Thanks for the question. Following up on depression, I know you don't want to go into too many details, but broadly, are Are you looking at randomized placebo controlled studies for the next proof of concept study? And 1101 obviously combines well with Anti seizure medications, but do you have data where it combines well with kind of the depression therapies or Or you think of it as a monotherapy in this indication?
Yes. I mean right now we're thinking of it as monotherapy and certainly we'll be looking at combination And work as time moves on. But in terms of The high level study design elements, yes, I think what we can say is we'd expect to see a randomized controlled study with an active and placebo arm and with typical blinding. So expect to see that and then more details around the endpoints, size, number of sites, etcetera It will be made available as the study kicks off. I'll just remind you, as I said to Paul earlier, Tim, When the publication comes out, I think there'll be very similar elements in the study that we'll be launching as a next study to what is published in the upcoming manuscript that you should see over the next few weeks.
Thank you. There is time remaining for one more question. And we have a question from the line of Antonia Borovina from Bloom Burton. Your line is now open. You may ask your question.

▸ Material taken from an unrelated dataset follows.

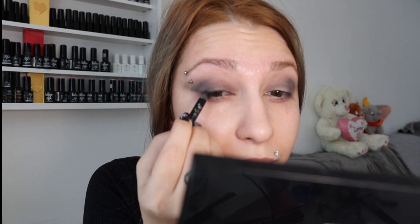Now with a soft black liner, I'm gonna do a medium line on both of my eyes and then start softening it with a flat brush. Don't make the line too big — I prefer it smaller, because we're gonna put black eyeshadow on top of it anyway. We just want to give a little bit of volume.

Hi, Simon and Ian. Thank you for taking my question. I'm just wondering, have you compared zogabine to 1101 preclinically in terms of the mood and depression symptoms. And can you rule out that the other subtypes like 7.47.5 play any role in mood symptoms?
That's a good question, Antonio. We don't I think the other subtypes do. If you go to the literature in fact Collaborators at Mount Sinai have published quite widely on the non clinical Chronic social defeat model etcetera where really KV73 stands out as the primary KV channel in this anhedonic and neurodepressive phenotype. We're Pretty we feel pretty confident that it is the KV73 primarily and 723 heterotetramer, which is Acted upon by both ezogabine and 1101, of course 1101 being more active on the target compared to ezogabine. So we really don't think it's a distinct KV7 mechanism, but a very good question.
We haven't yet done the head to head work. That's something we would like to do and we'll plan on doing. But Similarly, we expect to start the study with 1101 in humans soon, which obviously we've committed to. We think it's the right mechanism. We think there's a good amount of non clinical genetic and pharmacological mechanism for this in animals.
And we think it's KV73 predominantly.
Okay. Thank you.
Yes.
Thank you. I'm showing no further question at this time. I would now like to turn the conference back to Ms. Jody Wright. Ma'am, please go ahead.
Thanks everyone for joining us today. Operator, we will now end the call.
Thank you. Ladies and gentlemen, this concludes today's conference. Thank you participation and have a wonderful day. You may all disconnect.